Music TO GO!

2019年12月31日

2019年の振り返り

今年も最後の投稿になりますので、今年を振り返る記事を書きたいと思います。
昨年の振り返り記事はこちらです。

→「2018年振り返り記事」
http://vaiopocket.seesaa.net/article/463437911.html

上の記事ではBluetoothの高音質化も進むと書きましたが、実際にそうした製品は出てきていて、例えばOriolus 1795です。これはBTレシーバーの形をしていても中身はDAC内蔵ポータブルアンプと言えるような製品です。
http://vaiopocket.seesaa.net/article/472823419.html

また1月にレビューしたHIFIMAN R2000も形はDAPですが、これまでの内蔵音源というよりはストリーミングに注力した設計になっています。これはやはり市場調査に基づいたものであるということ。
http://vaiopocket.seesaa.net/article/463629549.html

THX-AAAモジュールに関連してFIIO Q5のDAP記事を書きましたが、Q5もBluetoothに対応しています。
http://vaiopocket.seesaa.net/article/463674461.html

ほんとうは昨年の時点でもっと出ると考えていたものもあったんですが、まだまだですね。開発が難しいということもあるし、結局Bluetoothが便利さ優先という概念が先行していると、市場的にも難しいところがあるかもしれません。ただし一般的にオーディオでBluetoothの欠点と呼ばれているものは、Bluetoothというよりも実際にはプロファイルであるA2DPの欠点です。例えばBluetooth規格自体は2.0のころから拡張機能(EDS)を使えばCD品質ロスレスの伝送能力を持っています。ただしこの場合には特別なドングルが必要になりますので不便となります。

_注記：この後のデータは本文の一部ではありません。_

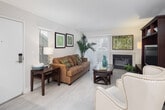 Located at 27111 Traminer Terrace in Laguna Niguel, California, this single-floor apartment offers a thoughtfully designed layout with comfortable living spaces throughout. The living room serves as the heart of the home, featuring light wood-style flooring, a classic fireplace with a marble-style surround, and a large sliding glass door with vertical blinds that allows abundant natural light to fill the space. Adjacent to the living area, the dining space provides an intimate setting with a round glass-top table, a statement pendant light, and a large mirror that enhances the sense of openness. The kitchen is outfitted with sleek white cabinetry, light countertops, stainless steel appliances including a full-size refrigerator, gas range, and built-in microwave, along with a distinctive tray ceiling with recessed lighting that adds architectural interest. The bedroom is a serene retreat with plush carpeting, multiple windows that invite natural light, and convenient access to a walk-in closet. The bathroom features a full tub and shower combination with a curved curtain rod. Throughout the apartment, neutral tones and clean finishes create a cohesive and welcoming ambiance, ideal for comfortable everyday living in the heart of Laguna Niguel.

少しオーディオからは離れますが、Bluetooth.orgではBluetoothについて、固定概念とも言える近距離通信技術というよりも、もっと柔軟な応用を提案しています。端的に言うと、Bluetoothもただの「電波」だということです。この点では電磁誘導を使うNFMIとは根本的に違います。
記事では下記の「Bluetoothは近距離通信技術か」とか「Bluetoothのロングレンジモード」などに書きました。
http://vaiopocket.seesaa.net/article/471094469.html
http://vaiopocket.seesaa.net/article/471124828.html

このようにBluetoothは一般的でありすぎるためにいろいろと固定概念による誤解があります。そもそもBlue toothという名前自体も「青歯王と呼ばれたハラルド王」から取られたと言われることも多々ありますが、それも誤解です。もともとハラルドは肌の色から「褐色王(Blatand)」と呼ばれていたのですが、それが現代語にされる過程で英語ではBlue toothと訳されるようになってしまったのです。

ところでNFMIといえば、最近では完全ワイヤレスに使われているSoCとかBTチップなどもよく話題となりますが、こうしたものの進化もあるのか今年はNFMIはあまり採用が見られなかったように思います。

完全ワイヤレスではノイキャンで注目されるアップルとソニーが話題の的でしたが、オーディオ的には地味に機能を抑えても良い音質を楽しむことができる一万円台のNoble FalconやオーテクのCL3TMなんかも良い選択だと思います。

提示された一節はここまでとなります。